This is one of my favourite sides to accompany my Sunday Roast Dinner. Something my American husband had never tried or even heard of, he now insists I make these whenever we have a roast, regardless of the day.
For my favourite version of this popular British pudding (savoury pudding, not to be mistaken for a dessert pudding) I have posted this dish under the menu banner for Sides.
Here is a little history for this yummy side dish.
Yorkshire pudding is a traditional English dish that usually accompanies roast beef or roast chicken. It has been a British Sunday Dinner staple for more than 250 years. Made from flour, eggs, milk, seasoning, and the drippings from the roast meat, this batter dish is served on the side and covered in gravy.
The roots of Yorkshire pudding lie in the northern quadrant of England; however, this British culinary treat is served all over the UK, including Scotland and Ireland.
Originally called dripping pudding, Yorkshire pudding was made from the fat that dripped into a tray below the roasting meat.
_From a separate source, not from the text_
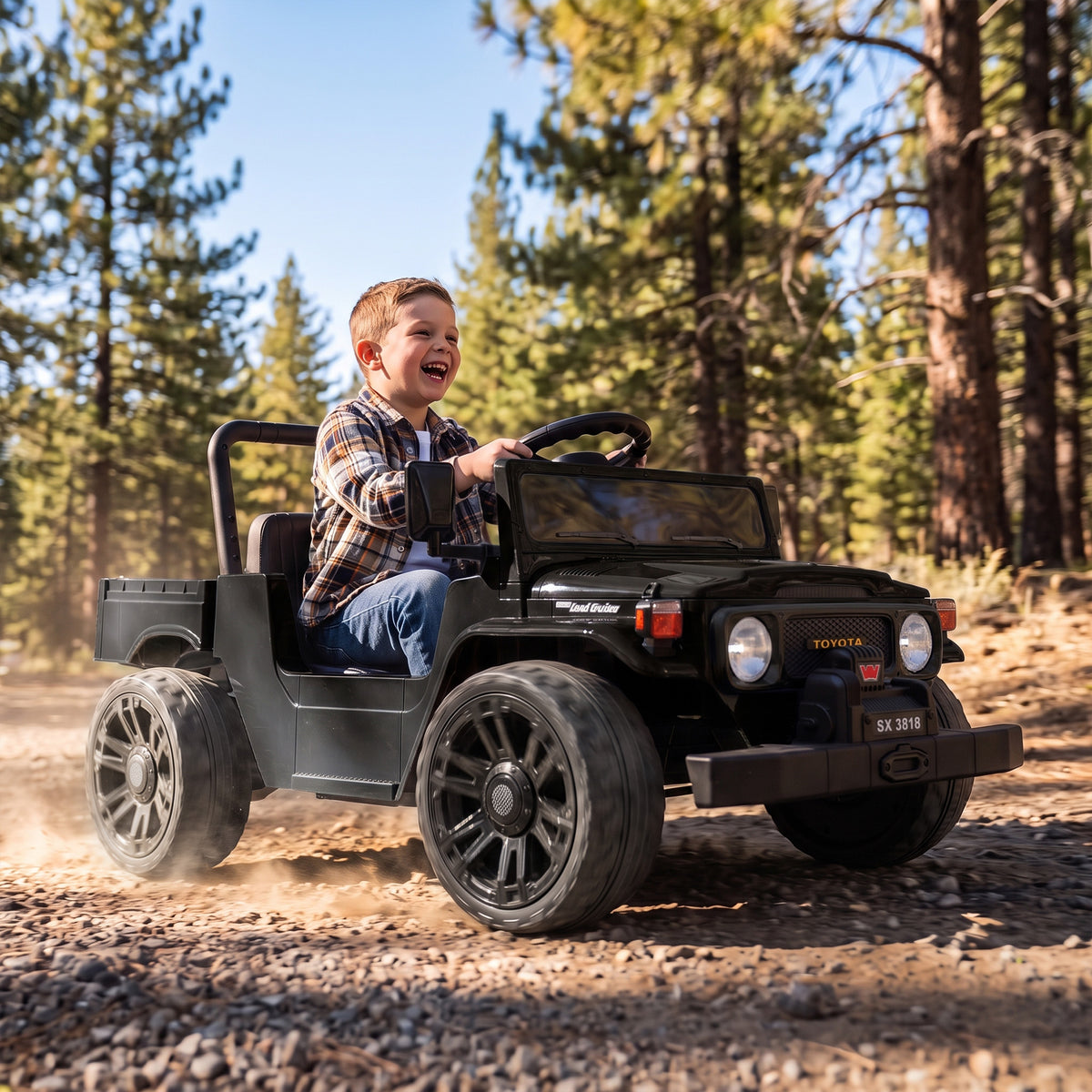 Licensed Toyota FJ45 Pick Up Ride on Truck, 24V Kids Electric Car with Dual Motors Up to 3.7MPH for Kids 3-8 Years Black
It was a practical way to put to use something that would have otherwise been thrown out.
Many people believe Yorkshire pudding was created in Yorkshire; however, there is no recorded evidence to suggest this–although any resident of Yorkshire will claim the credit for the development of the dish.
Yorkshire puddings were originally served before the main course, to fill you up a little. This was particularly important if meat was scarce, in which case they would be served with meat gravy.
Early versions were flatter than today’s airy Yorkshires, and were cooked beneath the meat which was being spit-roasted over a fire.
The recipe has stood the test of time and it is still a popular traditional dish eaten by many on a regular basis, often with the Sunday roast and particularly roast beef. Eaten by folk from all backgrounds and of all ages, it is truly a recipe of the people, widely available in many pubs and restaurants and a must for any visitor to try.